◆ Data provided ◆

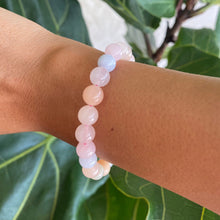 Load image into Gallery viewer, Morganite Crystal Bead Bracelet for Grief & Divine Love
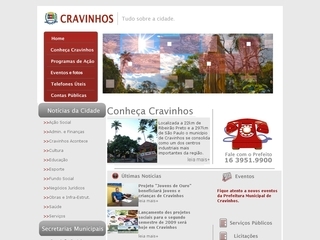 Thumbnail do site Prefeitura Municipal de Cravinhos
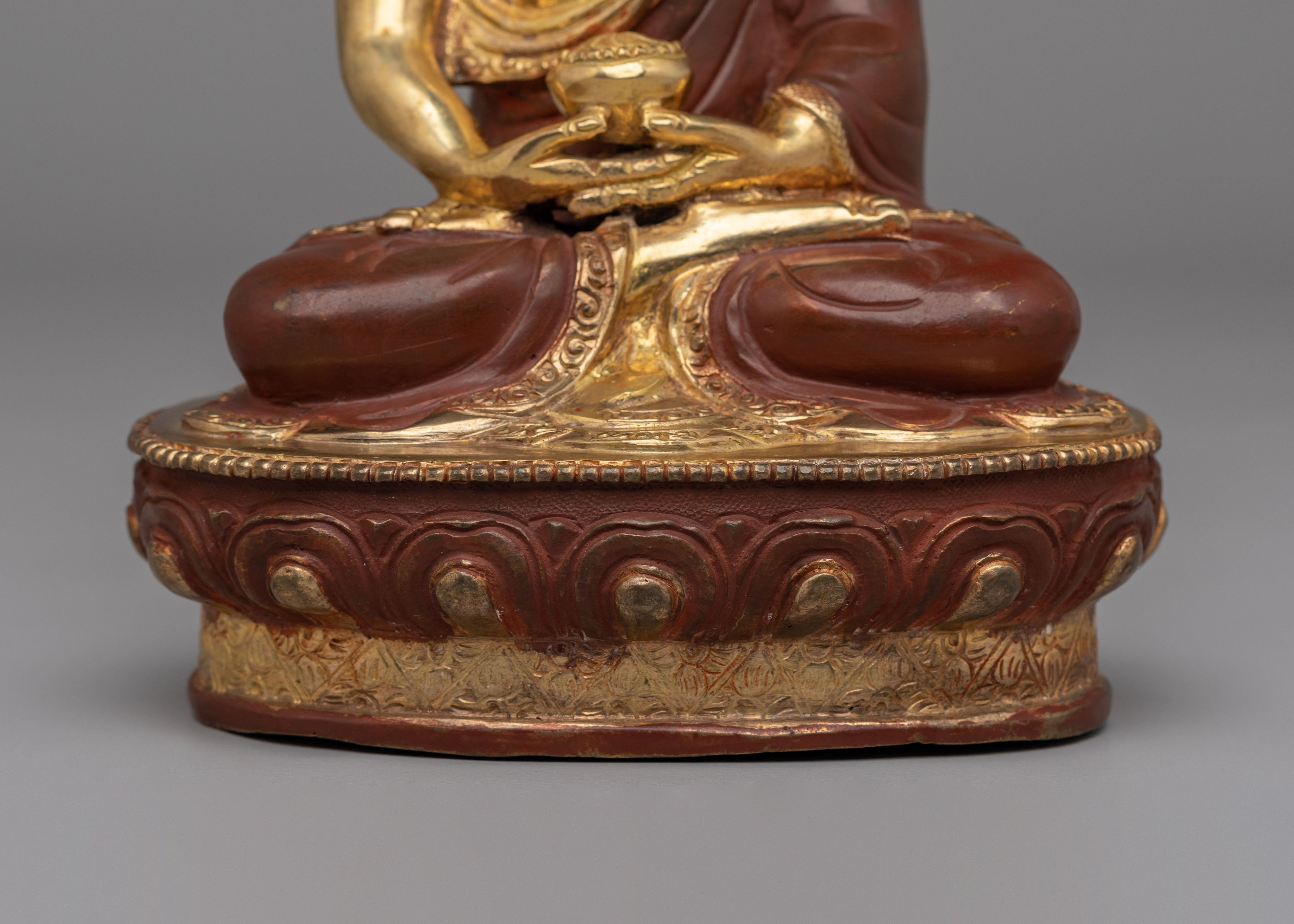 Amitabha Buddha Statue for Altar | Traditional Buddhist Decor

◆ Task details ◆
Every line from the one containing "Thumbnail do site" through the end of the listing is to be copied exactly; the pictures are not.

◆ Answer for the task ◆
 Thumbnail do site Prefeitura Municipal de Cravinhos
 Amitabha Buddha Statue for Altar | Traditional Buddhist Decor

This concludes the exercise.